#### INFORMATION SHOWN
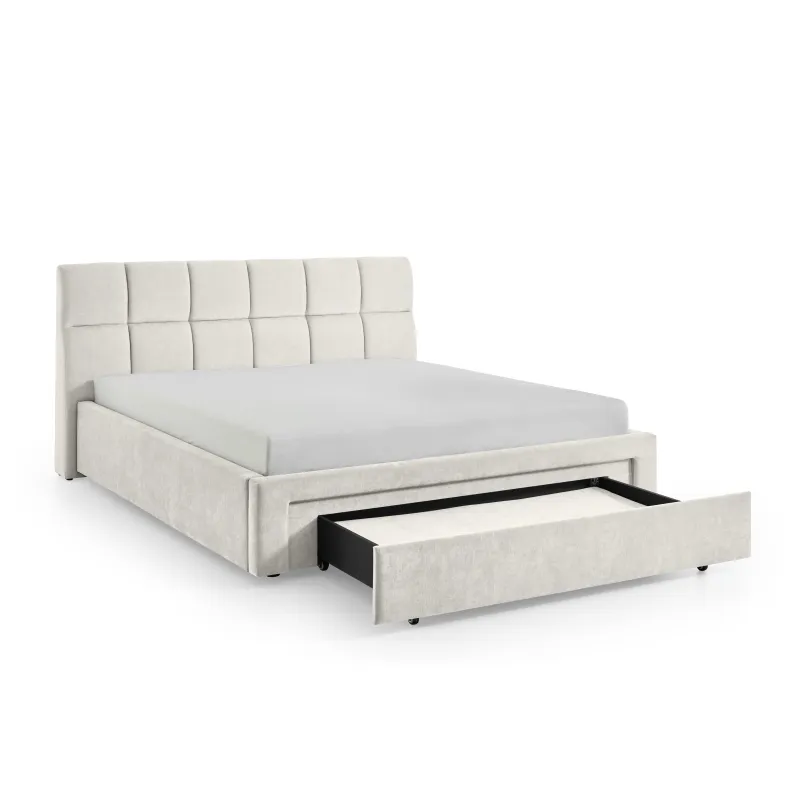 Lova 180 cm CANY su čiužiniu, beige, su šuns guoliu, 209x228x110 cm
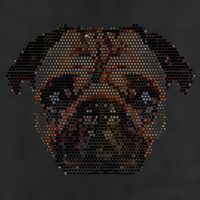 Pixelated Pug Dog Adult Drive Performance Visor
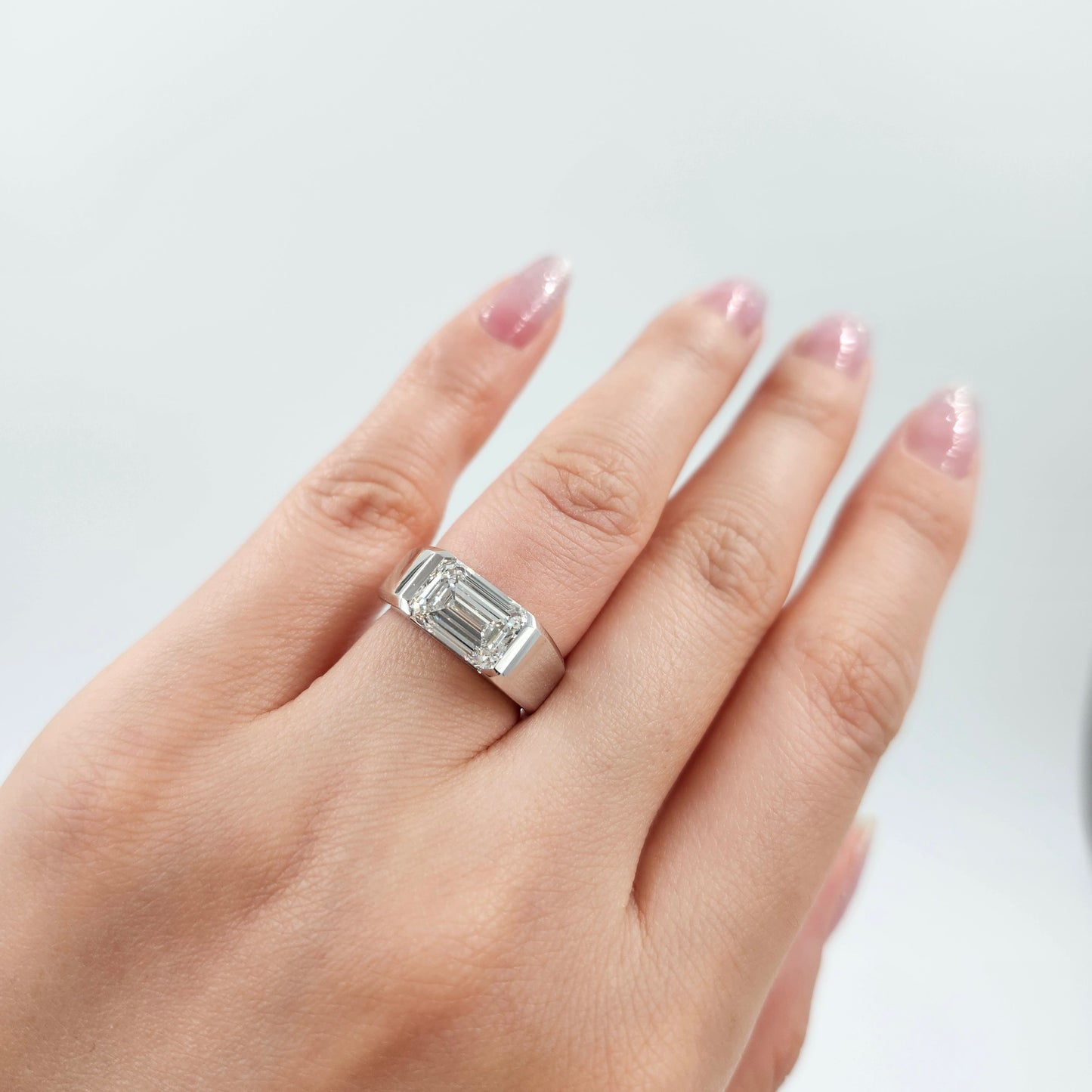 3ct Emerald Cut Lab Diamond Men Ring / Split Shank Solitaire Ring/ 3ct IGI Certified Diamond Ring/Unique/Anniversary gift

#### TO DO
Once the line holding "Pixelated Pug Dog" is found, copy it and each later line exactly through the end of the data, leaving out the pictures.

#### ANSWER TO THE PROBLEM
 Pixelated Pug Dog Adult Drive Performance Visor
 3ct Emerald Cut Lab Diamond Men Ring / Split Shank Solitaire Ring/ 3ct IGI Certified Diamond Ring/Unique/Anniversary gift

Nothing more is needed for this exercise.